### Task goal
Reproduce all of the entries below exactly, without images.

(Data extract Opens)

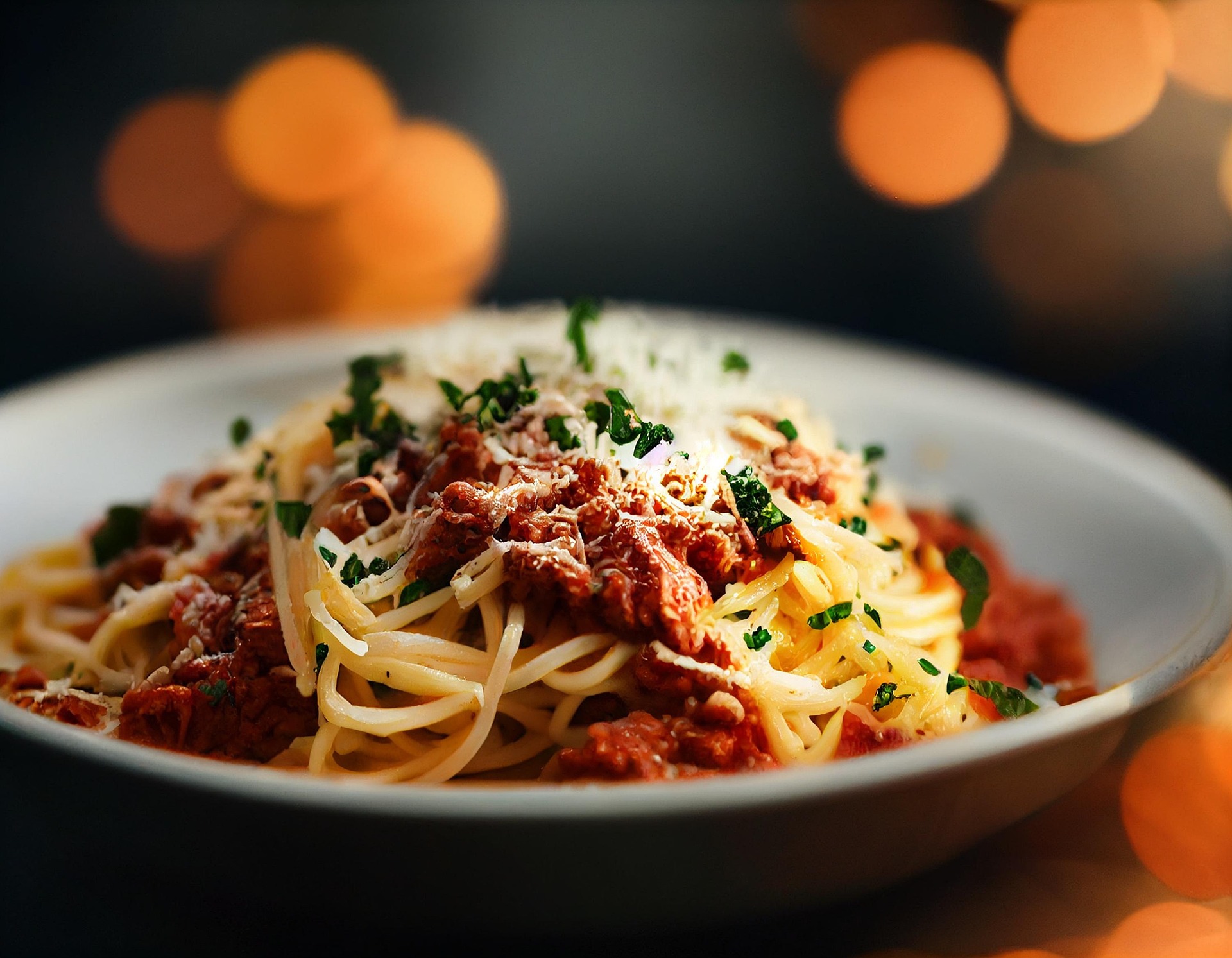 Assiette de spaghetti bolognaise, repas pré-match pour footballeur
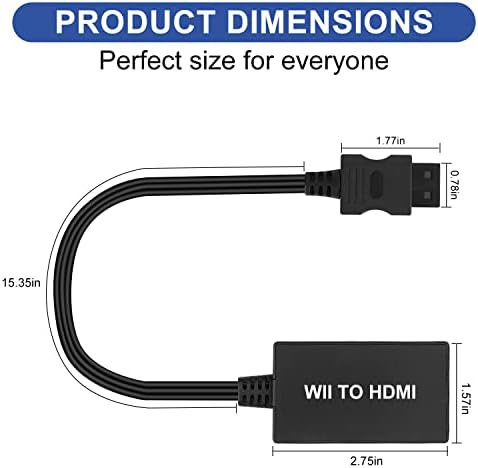 Wii do HDMI Converter, Wii do HDMI adaptera 1080p 720p izlazni video i audio sa 3,5 mm Jack Audio, podržite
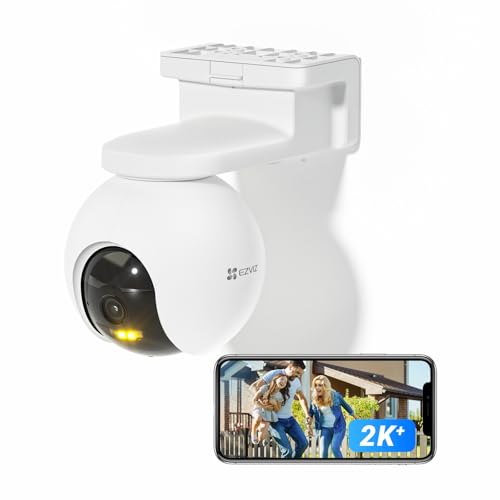 EZVIZ 2K+ kabellose WLAN Überwachungskamera aussen, Akkukamera mit 10400-mAh-Akku, 32 GB integrierter eMMC-Speicher, Personenerkennung und Smart Tracking, Farbnachtsicht, 2-Wege-Audio, HB8 von EZVIZ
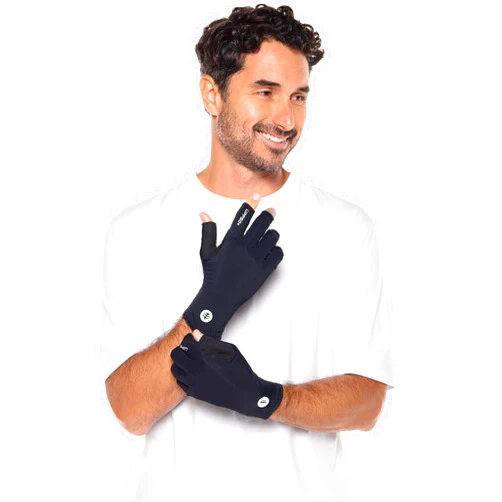 Coolibar UPF 50+ Unisex MaxShield Multi-Sport Fingerless Gloves - Sun Protective (Medium- Black)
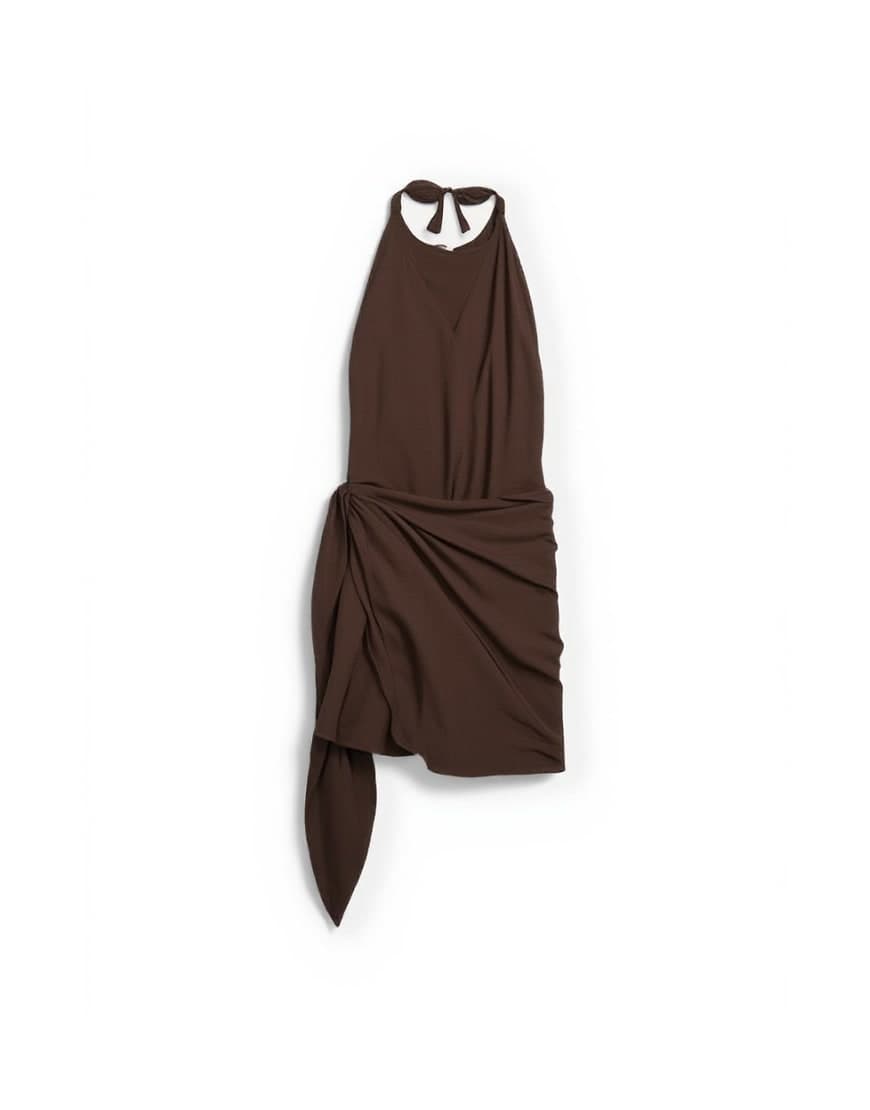 Topshop linen rich halter neck wrap mini dress in chocolate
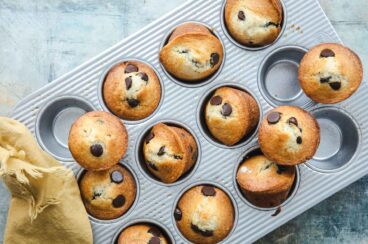 A pan of chocolate chip muffins.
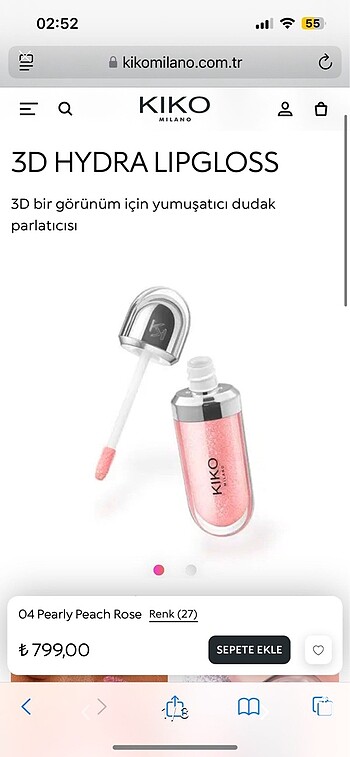 Kiko gloss 04 pearly peach rose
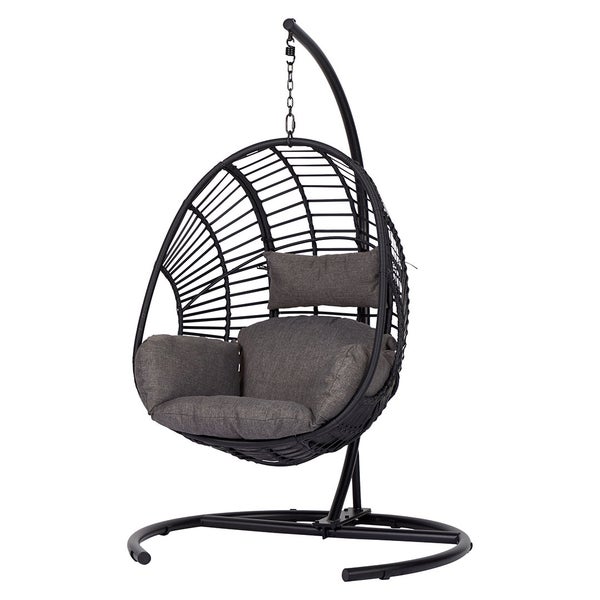 Armin Hängesessel mit Kissen schwarz. 62 X 104 X 179 cm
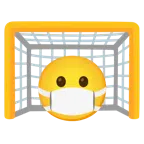 ゴールネット + マスク顔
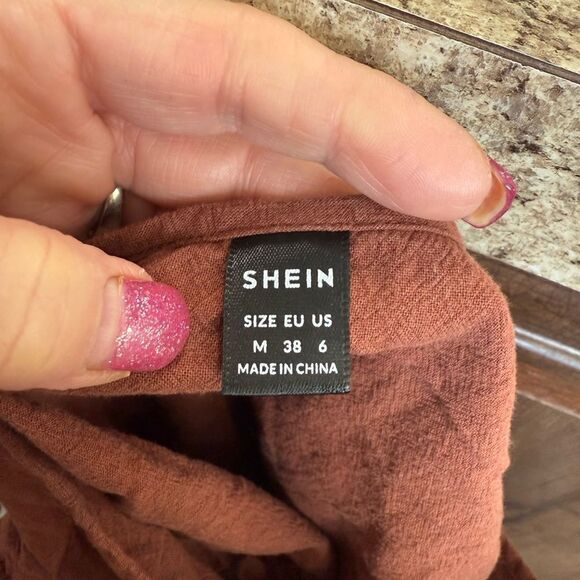 Shein Brown Blouse Ruffle Sleeves Hem Medium - Picture 4 of 9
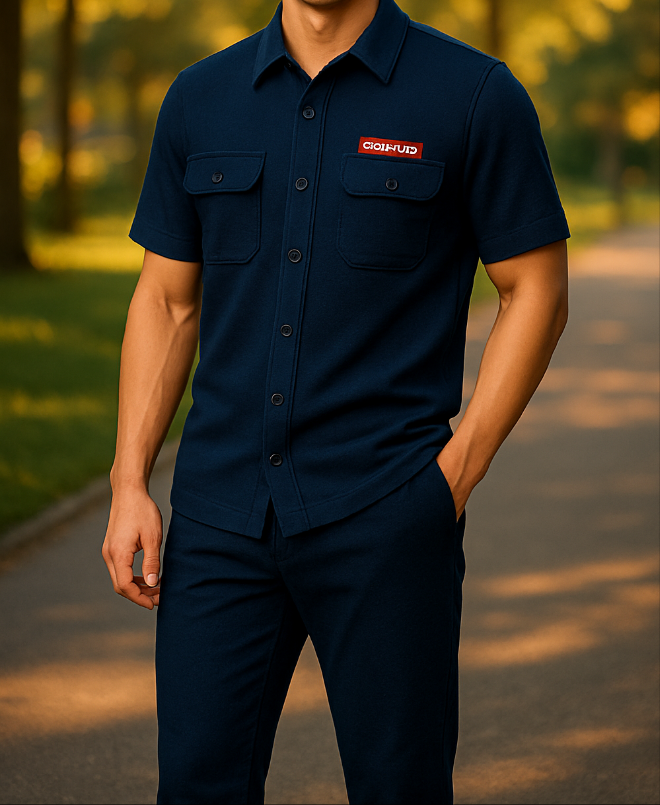 New Safari Waffle Design Tracksuit Set (Button shirt+Trouser) Blue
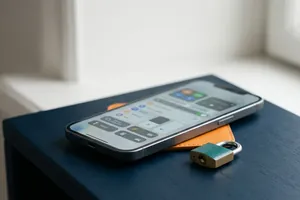 Smartphone med inställningar och ett hänglås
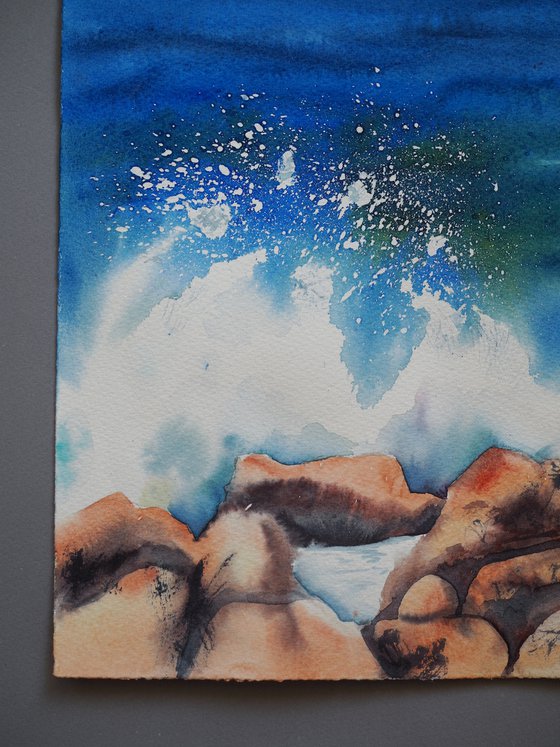 Wave - original seascape watercolor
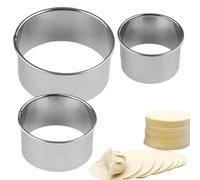 rotondi per biscotti, per pasticceria, set da 3 pezzi, in acciaio , riutilizzabili, per torte, fondente, pasta di zucchero, pasta, argento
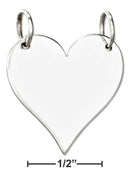 Silver Charms & Pendants Sterling Silver Flat Engravable Heart Pendant JadeMoghul Inc.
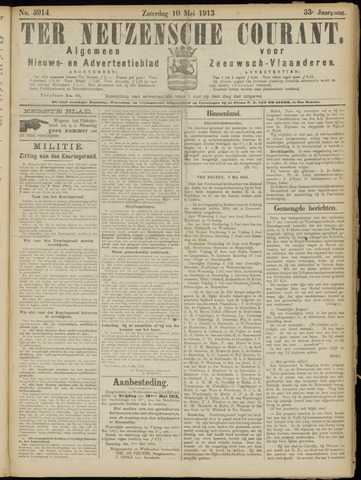 Ter Neuzensche Courant / Neuzensche Courant / (Algemeen) nieuws en advertentieblad voor Zeeuwsch-Vlaanderen 1913-05-10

(Data extract Closes)

### Answer for this exercise
 Assiette de spaghetti bolognaise, repas pré-match pour footballeur
 Wii do HDMI Converter, Wii do HDMI adaptera 1080p 720p izlazni video i audio sa 3,5 mm Jack Audio, podržite
 EZVIZ 2K+ kabellose WLAN Überwachungskamera aussen, Akkukamera mit 10400-mAh-Akku, 32 GB integrierter eMMC-Speicher, Personenerkennung und Smart Tracking, Farbnachtsicht, 2-Wege-Audio, HB8 von EZVIZ
 Coolibar UPF 50+ Unisex MaxShield Multi-Sport Fingerless Gloves - Sun Protective (Medium- Black)
 Topshop linen rich halter neck wrap mini dress in chocolate
 A pan of chocolate chip muffins.
 Kiko gloss 04 pearly peach rose
 Armin Hängesessel mit Kissen schwarz. 62 X 104 X 179 cm
 ゴールネット + マスク顔
 Shein Brown Blouse Ruffle Sleeves Hem Medium - Picture 4 of 9
 New Safari Waffle Design Tracksuit Set (Button shirt+Trouser) Blue
 Smartphone med inställningar och ett hänglås
 Wave - original seascape watercolor
 rotondi per biscotti, per pasticceria, set da 3 pezzi, in acciaio , riutilizzabili, per torte, fondente, pasta di zucchero, pasta, argento
 Silver Charms & Pendants Sterling Silver Flat Engravable Heart Pendant JadeMoghul Inc.
 Ter Neuzensche Courant / Neuzensche Courant / (Algemeen) nieuws en advertentieblad voor Zeeuwsch-Vlaanderen 1913-05-10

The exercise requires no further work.